**** Given data
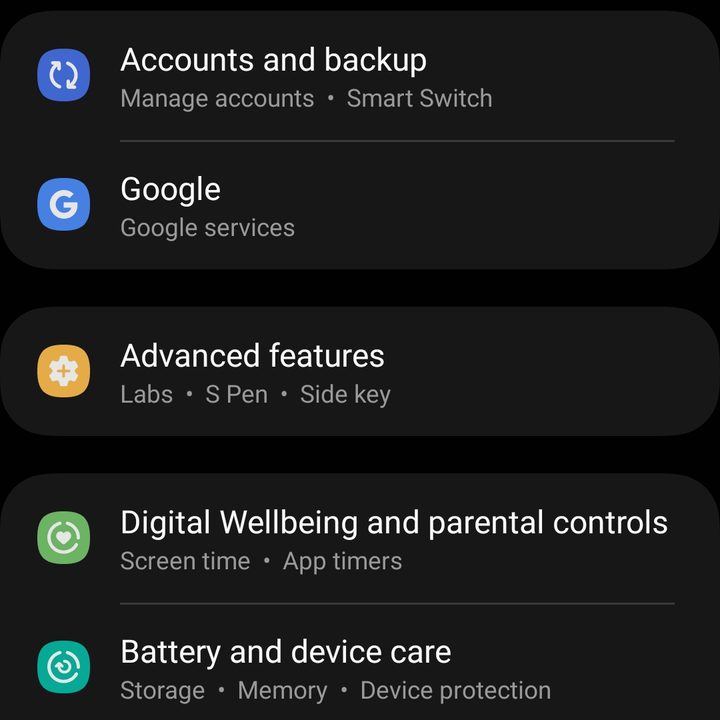 samsung galaxy s23 how to turn off settings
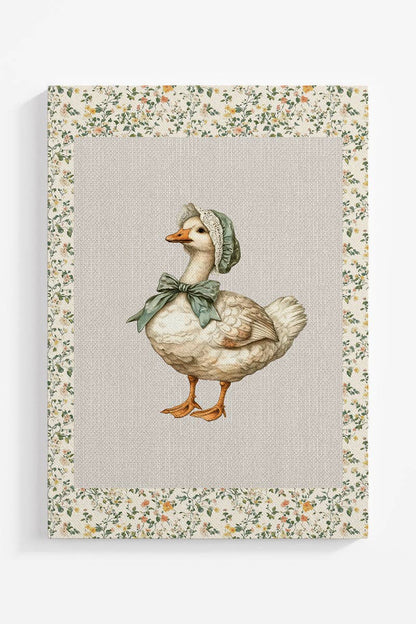 Grandma's Garden Goose Ready To Frame Canvas Print
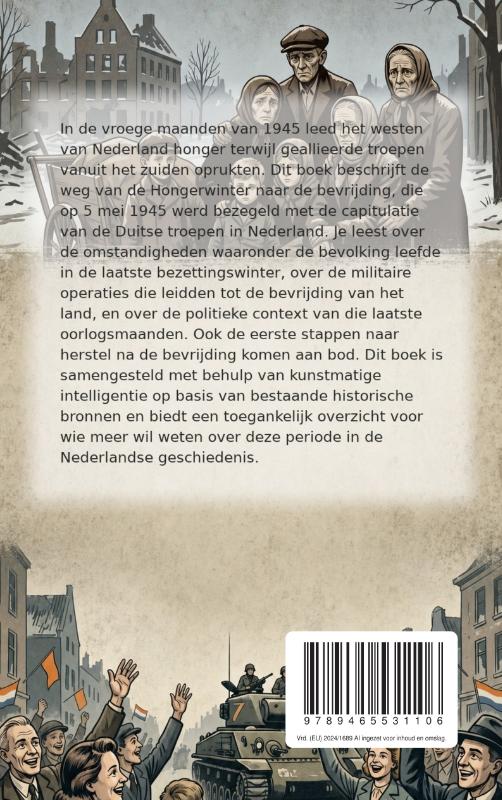 Achterkant van De bevrijding van Nederland in 1945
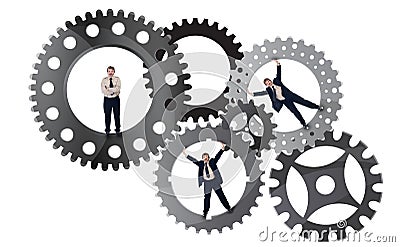 Part of the team effort concept Stock Photo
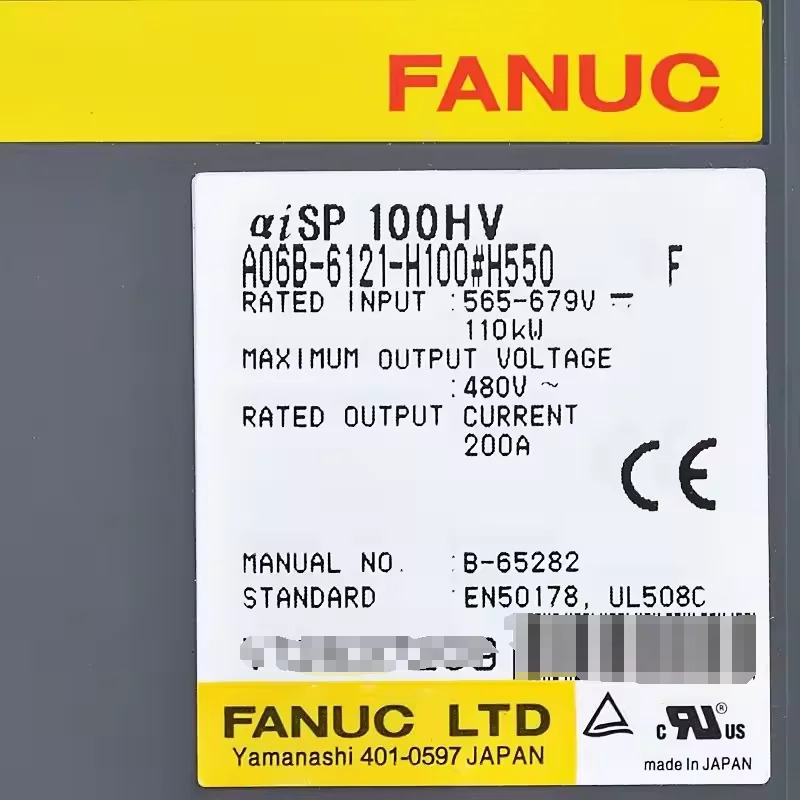 A06B-6121-H100 Fanuc 서보 드라이브 모듈 리퍼 OK A06B 6121 H100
********
• Directions
Copy out all the records exactly as they read, and omit the pictures.

• The completed task
 samsung galaxy s23 how to turn off settings
 Grandma's Garden Goose Ready To Frame Canvas Print
 Achterkant van De bevrijding van Nederland in 1945
 Part of the team effort concept Stock Photo
 A06B-6121-H100 Fanuc 서보 드라이브 모듈 리퍼 OK A06B 6121 H100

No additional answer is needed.